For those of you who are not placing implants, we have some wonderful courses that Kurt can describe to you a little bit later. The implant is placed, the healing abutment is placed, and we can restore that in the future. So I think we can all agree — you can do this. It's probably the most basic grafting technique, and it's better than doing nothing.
--
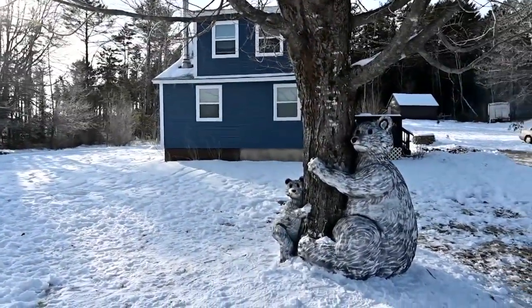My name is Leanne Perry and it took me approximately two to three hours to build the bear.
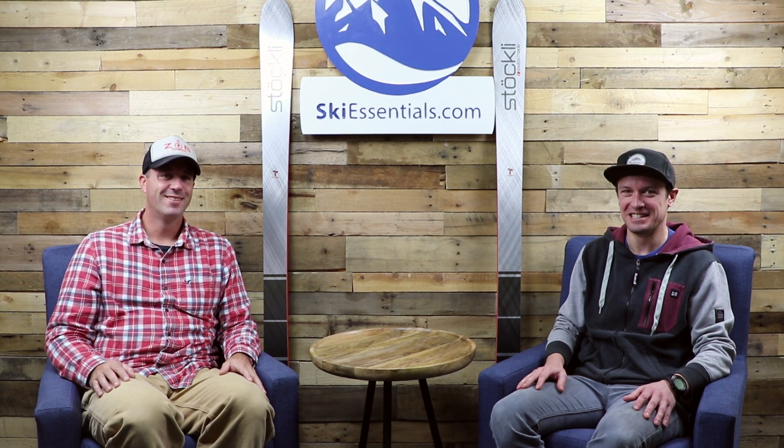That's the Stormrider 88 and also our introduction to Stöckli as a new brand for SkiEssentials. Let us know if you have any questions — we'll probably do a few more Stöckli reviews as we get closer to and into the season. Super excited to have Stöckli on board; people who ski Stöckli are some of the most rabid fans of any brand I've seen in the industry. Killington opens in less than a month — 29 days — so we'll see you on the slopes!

HOW TO COMPLETE THIS TASK:
Output exactly those lines of the data above that run from the line with "My name is Leanne" up to and including the line with "That's the Stormrider". No pictures go in.

RESPONSE:
My name is Leanne Perry and it took me approximately two to three hours to build the bear.
That's the Stormrider 88 and also our introduction to Stöckli as a new brand for SkiEssentials. Let us know if you have any questions — we'll probably do a few more Stöckli reviews as we get closer to and into the season. Super excited to have Stöckli on board; people who ski Stöckli are some of the most rabid fans of any brand I've seen in the industry. Killington opens in less than a month — 29 days — so we'll see you on the slopes!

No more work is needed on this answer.